Data Scientist at Stefanini shaping LLM customization via data pipelines and sources. Engaging in data structuring, quality assurance, and efficient storage practices.
Responsibilities
Design and implement data pipelines to support the LLM customization process
Collect, process, and structure diverse data sources
Develop scripts and processes for extracting structured and unstructured data
Implement transformations to convert raw data into formats suitable for training
Ensure the quality, consistency, and relevance of the data used for training
Create mechanisms for validation and testing of datasets
Develop processes for data enrichment
Implement efficient storage for data and training results
Configure data integration between the trained model and the Elastic platform
Document data architecture, flows, and transformations
Implement data versioning and traceability practices
Optimize data flow for model training iterations
Ensure security and compliance in the handling of data used
Requirements
Additional courses in natural language processing or data preparation for ML (desirable)
Practical knowledge of the Elastic Stack platform (Elasticsearch, Logstash, Kibana) | Level: Advanced (Required)
Experience preparing datasets for training language models | Level: Advanced (Required)
Experience with extraction, transformation, and loading (ETL) of unstructured data | Level: Advanced (Required)
Benefits
Meal allowance or food voucher
Discounts on courses, universities, and language schools
Stefanini Academy — a platform with free, up-to-date online courses and certificates
Mentoring
Benefits club for consultations and medical exams
Health insurance
Dental insurance
Employee discounts and benefits at top establishments
Data Science Intern leveraging skills in statistics and programming for data - driven projects at Revolve. Collaborating with marketing and operations for insightful analytics and strategy recommendations.
Senior AI & Data Scientist leading advanced analytical model development for tech company. Ensuring robust data architecture and deploying AI solutions from analysis to production.
Senior Data Scientist responsible for enhancing mapping and routing solutions at Vay. Utilizing data science and machine learning to improve navigation in urban mobility systems.
Data Scientist transforming complex data into valuable insights for adp MERKUR GmbH. Develops machine - learning models and collaborates with stakeholders for data - driven decisions.
Senior Real World Data Scientist providing statistical and epidemiological expertise in nutrition and health research. Analyzing large scale observational data and guiding project teams in statistical methodologies.
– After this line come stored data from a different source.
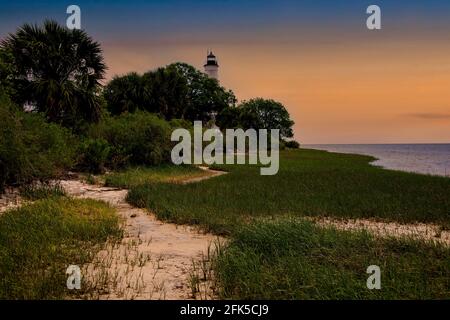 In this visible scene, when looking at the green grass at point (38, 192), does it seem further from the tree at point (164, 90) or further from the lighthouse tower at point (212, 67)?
the lighthouse tower at point (212, 67)

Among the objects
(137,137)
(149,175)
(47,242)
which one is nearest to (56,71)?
(137,137)

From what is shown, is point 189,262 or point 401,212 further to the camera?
point 401,212

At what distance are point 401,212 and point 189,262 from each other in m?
7.97

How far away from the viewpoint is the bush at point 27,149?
14.8 m

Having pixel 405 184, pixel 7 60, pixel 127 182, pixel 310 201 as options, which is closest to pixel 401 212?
pixel 310 201

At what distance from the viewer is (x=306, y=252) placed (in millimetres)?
8000

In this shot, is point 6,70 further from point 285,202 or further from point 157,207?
point 285,202

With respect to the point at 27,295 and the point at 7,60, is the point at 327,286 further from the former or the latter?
the point at 7,60

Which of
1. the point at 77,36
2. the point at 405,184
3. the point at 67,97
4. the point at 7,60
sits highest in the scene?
the point at 77,36

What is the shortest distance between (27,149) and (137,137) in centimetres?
1259

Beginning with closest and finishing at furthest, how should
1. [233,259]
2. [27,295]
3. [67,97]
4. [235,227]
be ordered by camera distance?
1. [27,295]
2. [233,259]
3. [235,227]
4. [67,97]

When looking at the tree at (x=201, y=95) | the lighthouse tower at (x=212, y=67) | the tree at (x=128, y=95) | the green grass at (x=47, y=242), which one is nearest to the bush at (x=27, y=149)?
the green grass at (x=47, y=242)

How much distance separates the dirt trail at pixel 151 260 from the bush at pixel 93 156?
11.2 meters

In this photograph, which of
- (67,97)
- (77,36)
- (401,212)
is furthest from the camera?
(77,36) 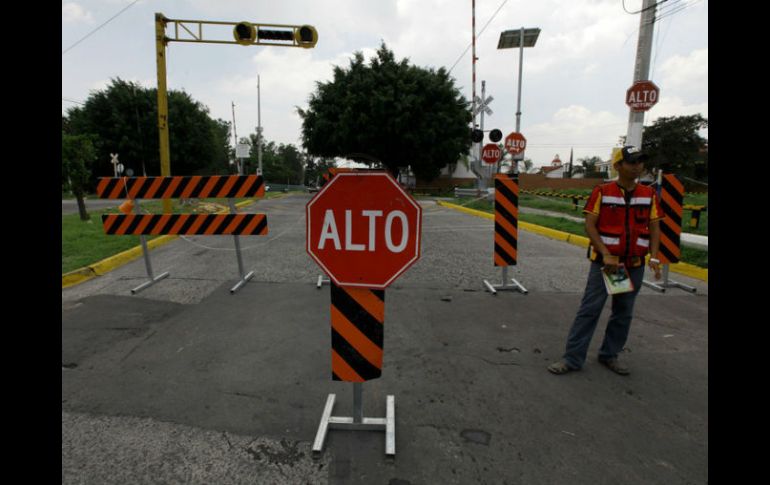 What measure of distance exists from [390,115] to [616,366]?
28.2 meters

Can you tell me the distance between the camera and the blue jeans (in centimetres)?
322

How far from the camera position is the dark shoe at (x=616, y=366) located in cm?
328

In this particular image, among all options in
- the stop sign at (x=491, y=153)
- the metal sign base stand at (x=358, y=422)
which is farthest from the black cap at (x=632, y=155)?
the stop sign at (x=491, y=153)

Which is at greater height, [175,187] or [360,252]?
[175,187]

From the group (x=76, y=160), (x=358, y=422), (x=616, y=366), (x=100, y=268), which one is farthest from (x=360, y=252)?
(x=76, y=160)

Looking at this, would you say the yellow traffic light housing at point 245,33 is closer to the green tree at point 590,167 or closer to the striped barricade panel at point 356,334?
the striped barricade panel at point 356,334

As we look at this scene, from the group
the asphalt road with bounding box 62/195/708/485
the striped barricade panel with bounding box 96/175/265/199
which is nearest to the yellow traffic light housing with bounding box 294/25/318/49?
the striped barricade panel with bounding box 96/175/265/199

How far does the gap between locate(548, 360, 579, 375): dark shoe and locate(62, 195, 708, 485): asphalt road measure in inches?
3.1

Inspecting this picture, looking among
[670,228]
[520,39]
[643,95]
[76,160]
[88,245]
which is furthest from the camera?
[520,39]

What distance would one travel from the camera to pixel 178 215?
5312mm

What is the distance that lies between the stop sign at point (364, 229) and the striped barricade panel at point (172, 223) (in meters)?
3.30

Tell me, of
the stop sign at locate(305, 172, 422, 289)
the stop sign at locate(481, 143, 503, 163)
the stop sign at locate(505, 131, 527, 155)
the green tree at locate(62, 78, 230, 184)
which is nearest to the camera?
the stop sign at locate(305, 172, 422, 289)

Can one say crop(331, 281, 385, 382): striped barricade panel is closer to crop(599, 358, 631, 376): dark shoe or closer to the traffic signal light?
crop(599, 358, 631, 376): dark shoe

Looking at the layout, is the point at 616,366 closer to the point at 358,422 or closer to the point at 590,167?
the point at 358,422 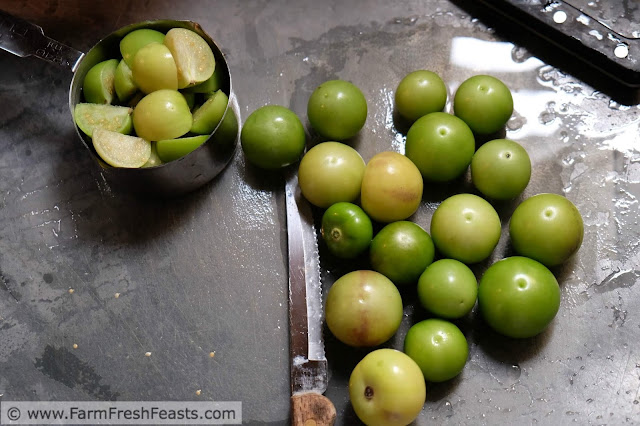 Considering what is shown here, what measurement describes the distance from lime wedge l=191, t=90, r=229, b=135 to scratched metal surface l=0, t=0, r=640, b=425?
21 cm

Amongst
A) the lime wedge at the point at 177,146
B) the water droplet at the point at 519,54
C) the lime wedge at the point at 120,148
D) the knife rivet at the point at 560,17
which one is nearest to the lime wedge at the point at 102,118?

Senior Data Scientist at LexisNexis Risk Solutions applying machine learning and AI for government services. Collaborating with a diverse team to solve meaningful problems.
Clinical Data Manager supporting the biospecimen and clinical data management for WVU Cancer Institute. Engaging in data collection, management, and reporting for research and quality assurance.
Data Manager coordinating AI development processes to govern and manage data for medical devices at GE HealthCare. Collaborating with AI/ML engineers and tracking compliance and readiness throughout the lifecycle.
SMAI Manager leading a talented team to develop advanced factory scheduling and automation solutions at Micron. Collaborating globally to enhance manufacturing capabilities and deliver best practices.